Assignment of Error II
[Hunter]’s convictions are against the manifest weight of the evidence.
{¶10} In his second assignment of error, Hunter contends that his convictions were
against the manifest weight of the evidence.
{¶11} To determine whether a criminal conviction is against the manifest weight of the
evidence, we “must review the entire record, weigh the evidence and all reasonable inferences,
consider the credibility of witnesses and determine whether, in resolving conflicts in the
evidence, the trier of fact clearly lost its way and created such a manifest miscarriage of justice
that the conviction must be reversed and a new trial ordered.” State v. Otten, 33 Ohio App.3d
339, 340 (9th Dist.1986). “Weight of the evidence concerns ‘the inclination of the greater
amount of credible evidence, offered in a trial, to support one side of the issue rather than the
other.’” (Emphasis sic.) Thompkins, 78 Ohio St.3d at 387, quoting Black’s Law Dictionary
1594 (6th Ed.1990). Nonetheless, “[a]n appellate court should exercise the power to reverse a
judgment as against the manifest weight of the evidence only in exceptional cases.” State v.
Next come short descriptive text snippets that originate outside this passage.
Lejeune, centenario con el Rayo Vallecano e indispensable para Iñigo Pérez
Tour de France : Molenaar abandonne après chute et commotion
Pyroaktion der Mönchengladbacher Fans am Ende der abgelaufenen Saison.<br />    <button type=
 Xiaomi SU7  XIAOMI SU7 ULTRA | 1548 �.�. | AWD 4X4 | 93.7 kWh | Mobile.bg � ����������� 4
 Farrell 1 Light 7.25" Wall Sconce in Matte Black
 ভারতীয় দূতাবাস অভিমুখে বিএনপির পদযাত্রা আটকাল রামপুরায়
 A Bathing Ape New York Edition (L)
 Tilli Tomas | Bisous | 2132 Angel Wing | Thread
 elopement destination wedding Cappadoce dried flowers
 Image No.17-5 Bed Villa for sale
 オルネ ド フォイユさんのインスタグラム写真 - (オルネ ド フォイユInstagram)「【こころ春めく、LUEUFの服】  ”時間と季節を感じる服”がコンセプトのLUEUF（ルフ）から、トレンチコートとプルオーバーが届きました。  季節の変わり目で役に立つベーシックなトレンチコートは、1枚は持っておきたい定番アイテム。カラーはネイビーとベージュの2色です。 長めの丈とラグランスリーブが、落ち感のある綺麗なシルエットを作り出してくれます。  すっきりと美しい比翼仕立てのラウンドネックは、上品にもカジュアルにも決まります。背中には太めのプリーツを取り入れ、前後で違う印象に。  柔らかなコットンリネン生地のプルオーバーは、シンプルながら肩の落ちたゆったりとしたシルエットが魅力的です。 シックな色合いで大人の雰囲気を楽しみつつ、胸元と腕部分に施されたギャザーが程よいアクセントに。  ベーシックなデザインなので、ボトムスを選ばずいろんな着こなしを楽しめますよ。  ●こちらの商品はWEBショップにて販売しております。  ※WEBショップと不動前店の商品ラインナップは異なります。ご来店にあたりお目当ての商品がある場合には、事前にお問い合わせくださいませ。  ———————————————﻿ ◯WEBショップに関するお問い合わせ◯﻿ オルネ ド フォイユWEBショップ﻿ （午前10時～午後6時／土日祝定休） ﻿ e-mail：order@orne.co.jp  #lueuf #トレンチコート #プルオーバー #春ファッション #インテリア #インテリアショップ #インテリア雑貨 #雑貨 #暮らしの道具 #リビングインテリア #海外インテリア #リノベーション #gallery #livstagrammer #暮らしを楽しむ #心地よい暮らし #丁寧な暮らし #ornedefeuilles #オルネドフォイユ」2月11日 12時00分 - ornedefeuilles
Carson, 9th Dist. Summit No. 26900, 2013-Ohio-5785, ¶ 32, citing Otten at 340.
A. Complicity
{¶12} Hunter was convicted of complicity to aggravated trafficking in drugs (fentanyl)
and complicity to trafficking in cocaine. On appeal, however, Hunter argues that the weight of
the evidence supports the conclusion that Deotto Thomas was the sole party responsible for the
drug transaction. We disagree.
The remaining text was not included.